Infinitesimal element of length in the $ \hat{\theta} $ direction

Question

Why author defines infinitesimal element of length in the $ \hat{\theta} $ direction exactly as $ dl_\theta = rd\theta $ ?

Why we cannot define the infinitesimal element of length in the $ \hat{\phi} $ direction directly as $ dl_\phi = rd\phi $ ? If I draw circle like this :

Answer 1

Here's an intuitive argument. If you imagine being on a circle or radius $r$, then if your angular position changes by $\Delta \theta$ you will have moved a distance $r\Delta \theta $. This suggests the same relationship should hold at an 'infinitesimal' level.

Answer 2

$dl_\theta $ is dependent on $r $: bigger for larger $r $, smaller for smaller. Like on a record, the farther away from the center you are, the more ground you cover ($l_\theta =r\theta $) for an angle $\theta $. Similarly for $d\theta $.

If you have seen the infinitesimal unit of length done in calculus, it is similar ($ds=(dx^2+dy^2)^{\frac12} $)...

Answer 3

To get the formula for the length of the circle of radius $r$ you have to integrate $r\,d\theta$ rather than $d\theta$ (otherwise you get the wrong answer).

The latitude that the point is on is a circle of radius $r\sin\theta$ in this notation.

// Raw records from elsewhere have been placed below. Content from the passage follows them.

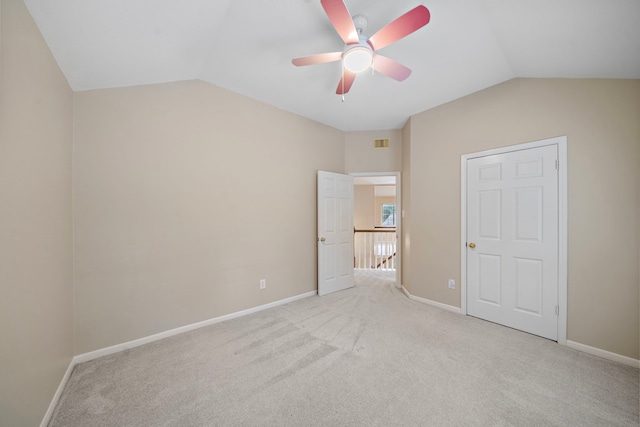 5411 Davids Bend Dr, Sugar Land, TX 77479 - unfurnished bedroom featuring lofted ceiling, light colored carpet, and a ceiling fan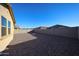 Gravel backyard, bordered by a cinder block wall, offering privacy and low maintenance at 16071 W Sand Hills Rd, Surprise, AZ 85387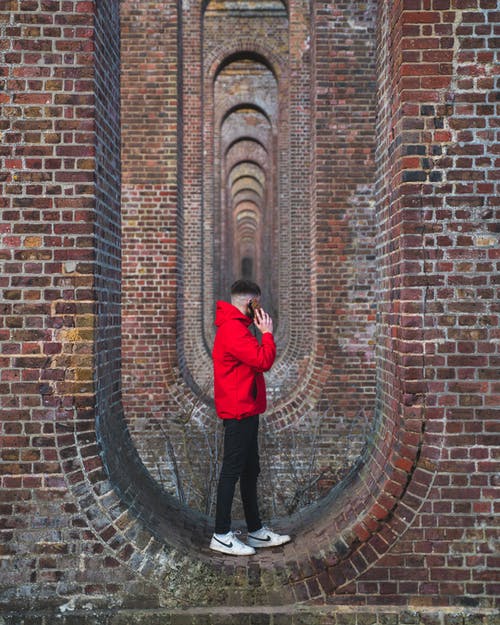 红色外套和黑裤子站立在红砖墙壁上的人 · 免费素材图片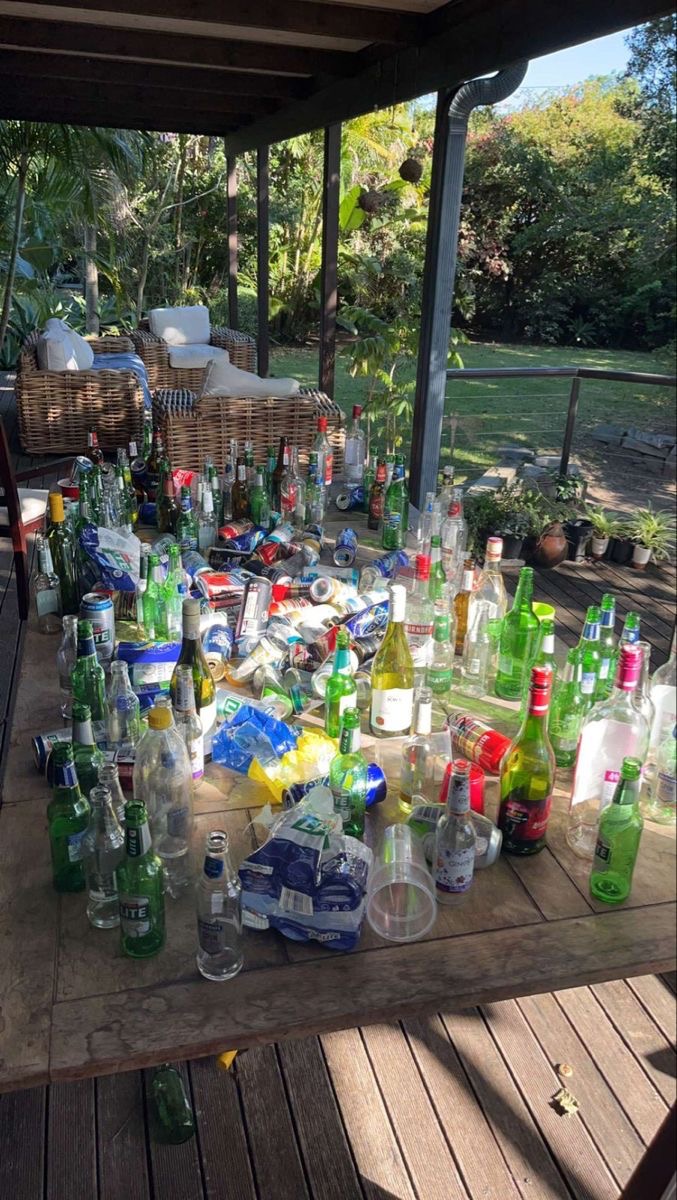 Table en extérieur jonchée de bouteilles vides et d'emballages, témoignant d'une soirée animée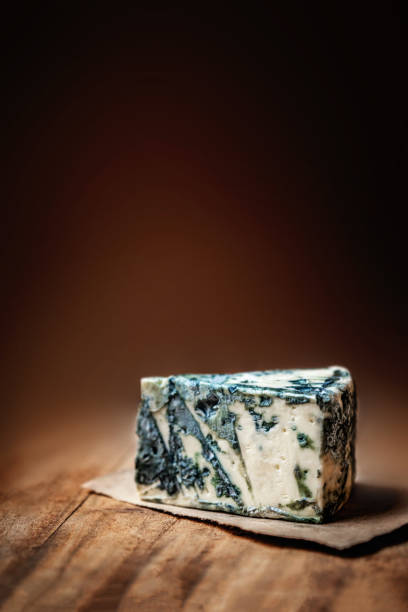 istock Blue cheese Gorgonzola on a rustic wooden background. Mold cheese with copyspace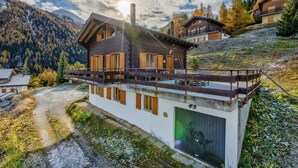 A modern chalet with a wooden exterior, large windows, and a balcony overlooking a mountainous landscape. - Chalet Claire de Soleil - La Tzoumaz, 4 Vallees (La Tzoumaz)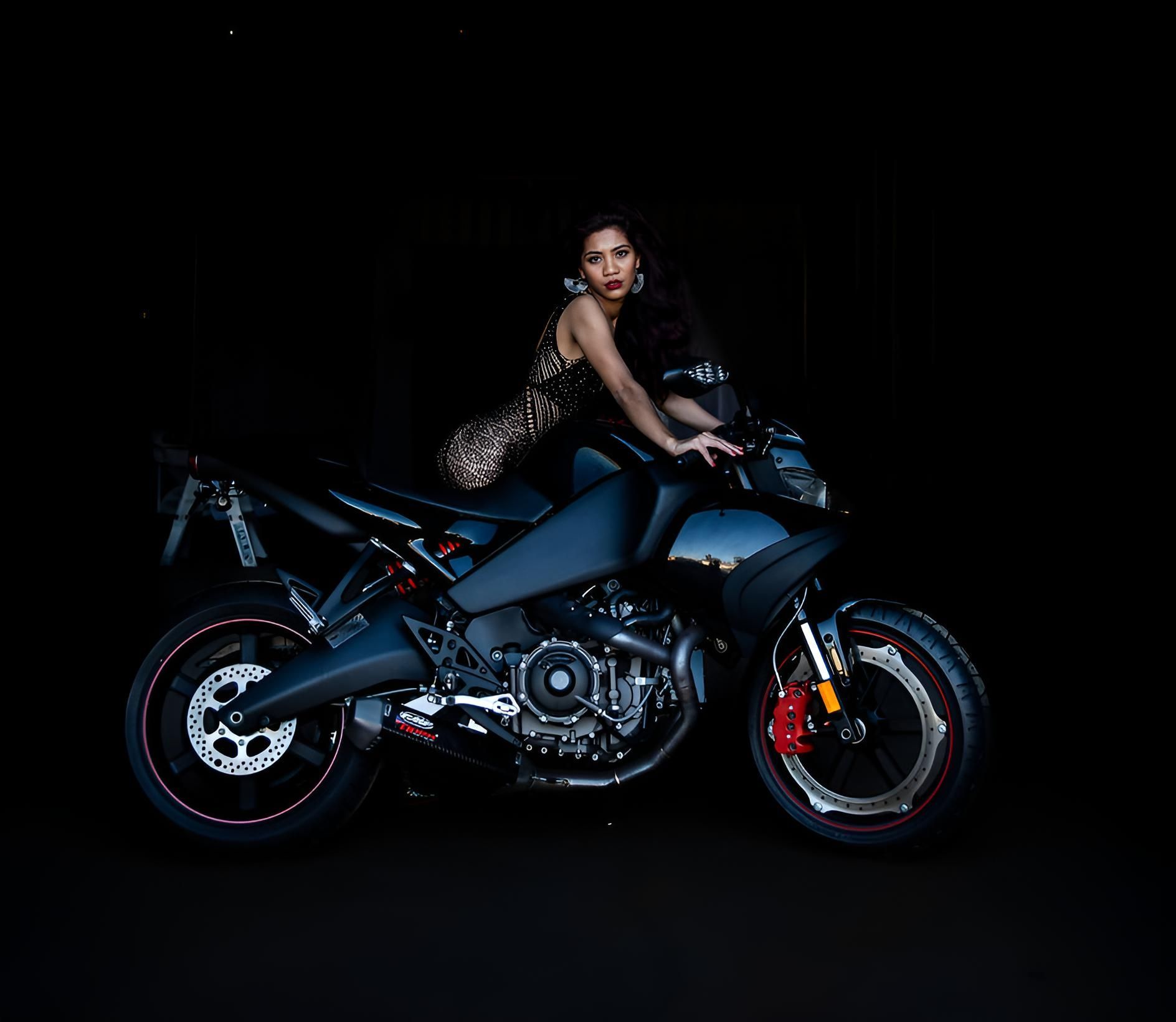 Woman is Sitting on a Motorcycle in the Dark — Lavie Hair & Beauty in Ciccone, NT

That's the explanation for the factor of $\sin\theta$.

Answer 4

The confusion here is because $\mathrm{d}r$, $\mathrm{d}\mathbf{l}$, and other similar expressions are not infinitesimal displacements.

The closest sense in which such quantities relate to infinitesimal displacements is that we can treat $\mathrm{d}r$ as giving one of the coordinates of a displacement — it's the same ideas as how we use $r$ to express one of the coordinates of a point in spherical coordinates.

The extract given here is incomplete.